What religious effect did the trans-Saharan trade on West Africa?

What religious effect did the trans-Saharan trade on West Africa?

With the increased volume of trans-Saharan trade in the Islamic period, new cultural influences began to spread in Western Africa. The most important of them was a new religion, Islam, which was adopted in the states belonging to the sphere of the caravan trade by the end of the eleventh century.

How did trans-Saharan trade change religion?

The spread of Islam to sub-Saharan African was linked to trans-Saharan trade. Islam spread via trade routes, and Africans converting to Islam increased trade and commerce. Historians give many reasons for the spread of Islam facilitating trade. Islam established common values and rules upon which trade was conducted.

How did the Trans-Saharan caravan trade change religion and culture in West Africa?

These caravans carried goods such as silks and salt to the people of West Africa, which they in turn traded for things like gold, ivory and ebony. They would then trade these goods with the outside world. Along with trading goods, the Berbers also brought the faith of Islam to the region of West Africa.

What effects did trans-Saharan trade have on West Africa?

The expansion of trans-Saharan trade brought great wealth to North Africa and led to trading empires and diffused Islamic culture throughout West Africa.

What is the role of trans-Saharan trade in spreading Islam in West Africa?

Islam promoted trade between West Africa and the Mediterranean. The religion developed and widened the trans-Saharan Caravan trade. Muslims from North Africa came in their numbers and settled in the commercial centres. This helped in the development of the cities such as Timbuctu, Gao, Jenne and Kano.

What animal was essential for trade in sub Saharan Africa?

Trade across the Sahara Desert Traders moved their goods across the Sahara in large groups called caravans. Camels were the main mode of transportation and were used to carry goods and people. The camel was the most important part of the caravan. Without the camel, trade across the Sahara would have been impossible.

What religion spread the Trans-Saharan route?

Islam
The biggest religion that spread across this trade route was Islam. Over time, if African states weren’t already taken over by the Islamic caliphate, they may have converted voluntarily, with much help from the Arab Berber traders, many of whom were already converted to Islam.

How did Islam spread in West Africa?

Islam first came to West Africa as a slow and peaceful process, spread by Muslim traders and scholars. The early journeys across the Sahara were done in stages. Goods passed through chains of Muslim traders, purchased, finally, by local non-Muslims at the southern most end of the route.

What was a major effect of the gold salt trade in Africa?

What was a major effect of the gold-salt trade in Africa? The gold-salt trade in Africa made Ghana a powerful empire because they controlled the trade routes and taxed traders. Control of gold-salt trade routes helped Ghana, Mali, and Songhai to become large and powerful West African kingdoms.

Why did the West African kingdoms profit from the trans-Saharan trade?

Ghana benefitted from the Trans – Saharan trade because each time trades came in they were taxed and Ghana became very wealthy because of this. Walking across the Sahara was so hard because caravans sometimes lost their way, and some traders died in the desert.

Why did Islam spread in Africa?

According to Arab oral tradition, Islam first came to Africa with Muslim refugees fleeing persecution in the Arab peninsula. It quickly spread West from Alexandria in North Africa (the Maghreb), reducing the Christians to pockets in Egypt, Nubia and Ethiopia.

Why did African trade routes shifted east?

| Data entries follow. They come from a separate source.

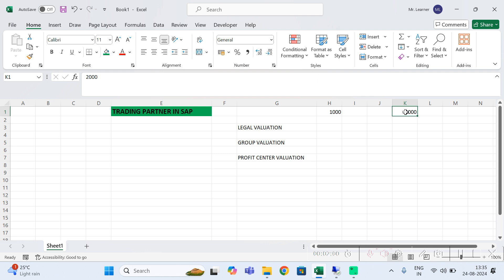Another example: both company codes are running in the same building, but the owner sends the rent invoice to company code 1000, so the entire rent amount gets posted in company code 1000 only — that is also an intercompany transaction. Similarly, if they are doing buying and selling activities with each other, that is also known as an intercompany transaction.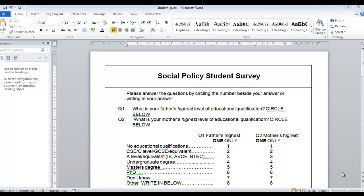Hi, Deirdre McNamara here from Netter County IT. I'm just going to show you how to input some information from a questionnaire into Microsoft Excel. What I have open in front of me is a Microsoft Word document with a questionnaire that I downloaded off the internet.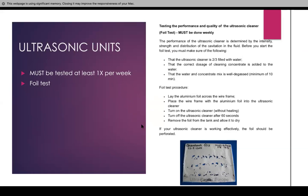For the foil testing procedure, you lay aluminum foil across the wire frame. Place the wire frame with the aluminum foil in the ultrasonic cleaner, turn on the ultrasonic cleaner without heating, and then turn it off after 60 seconds. Remove the foil and check for perforations — tiny holes in the foil. We also label when it's done for record keeping. If you find these perforations, that means your ultrasonic is effectively working. There is also a pencil mark test, but this foil test is the best way to do it.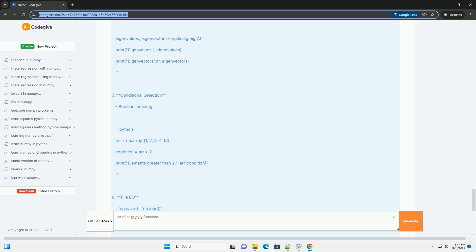5. Statistical Functions: np.mean, np.median, np.std, np.sum, np.var, np.min, np.max.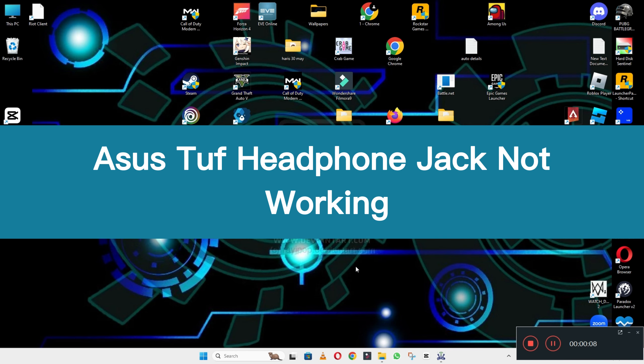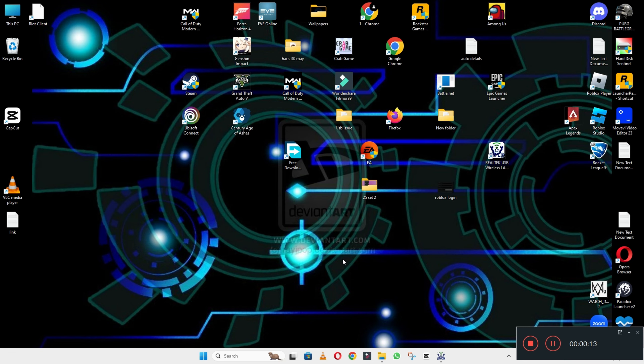Hello everyone, hope you are fine. In this video, I will tell you about the ASUS TUF headphone jack not working. If in your ASUS TUF device the headphone jack is not working, I will show you how you can easily fix it.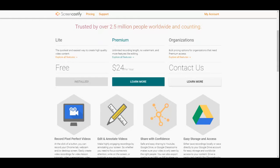I suggest that if you play around with the Light version, you'll come up with the money to get the premium pretty quickly, because this will be very useful for anybody trying to create a business online, create videos, and create content. Then there's the Organizations tier with bulk pricing options for organizations that need premium access — which sounds amazing for big companies and groups that need to share what they're doing with other members of their team.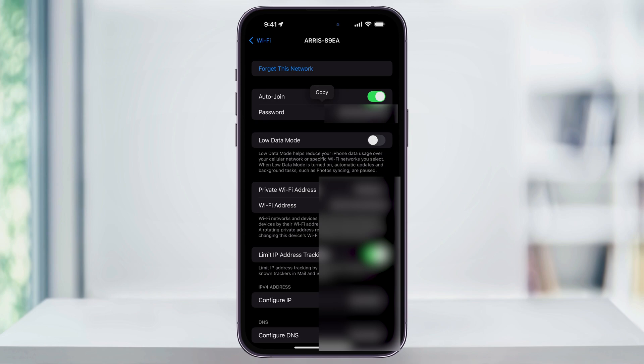Just like before, you can then copy it, save it for later, or share it directly from this screen to someone else. And that's how you find and view saved Wi-Fi network passwords on your iPhone. Thanks for watching.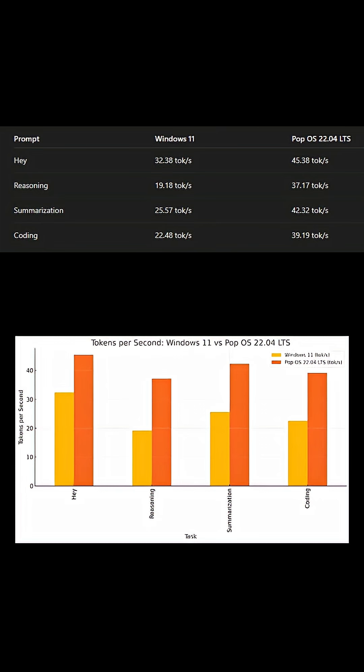Pop OS was faster every time, up to 90% better in some tasks, and it used less VRAM. When I pushed the context length, Windows crashed. Pop OS didn't.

Why did the African trade routes shift to the east several times? it spread by conquest and through trade. What was the chief means of social and political organization in African stateless societies?

How did the Trans-Saharan trade route change West Africa?

The trans-Saharan trade route transformed West Africa by connecting it to the larger parts of the world. This trade route in particular was intriguing as it required the need for human adaptation and innovation over this vast desert area. This trade route is often overlooked but it’s actually super cool!

What was the religion of the Trans Saharan caravan trade?

Islam is the religion based on the teachings of the Prophet Muhammad. Although once a burgeoning system of trade, the trans-Saharan caravan trade declined as Europeans and others began sailing around Africa rather than traveling through it and as the Americans began supplying gold to the world.

What was the trade in the Sahara Desert?

One of Hollywood’s biggest omissions is the economic trade that was booming in the Sahara Desert from about the 9th through 13th centuries. To fill in these gaps, today’s lesson will explore what has come to be known as the Trans-Saharan caravan trade, a system of extensive trade routes that connected the Saharan region to the outside world.

How did the gold trade affect West Africa?

Money was the cause of the early interest of Arabic traders in West Africa, which was indeed known to them as “the golden country”.The influence of the trans-Saharan gold trade on European societies can be seen for instance in the derivation of the Spanish word for gold coin in the 15 th century, maravedí, from the Almoravid murabitūn dinar.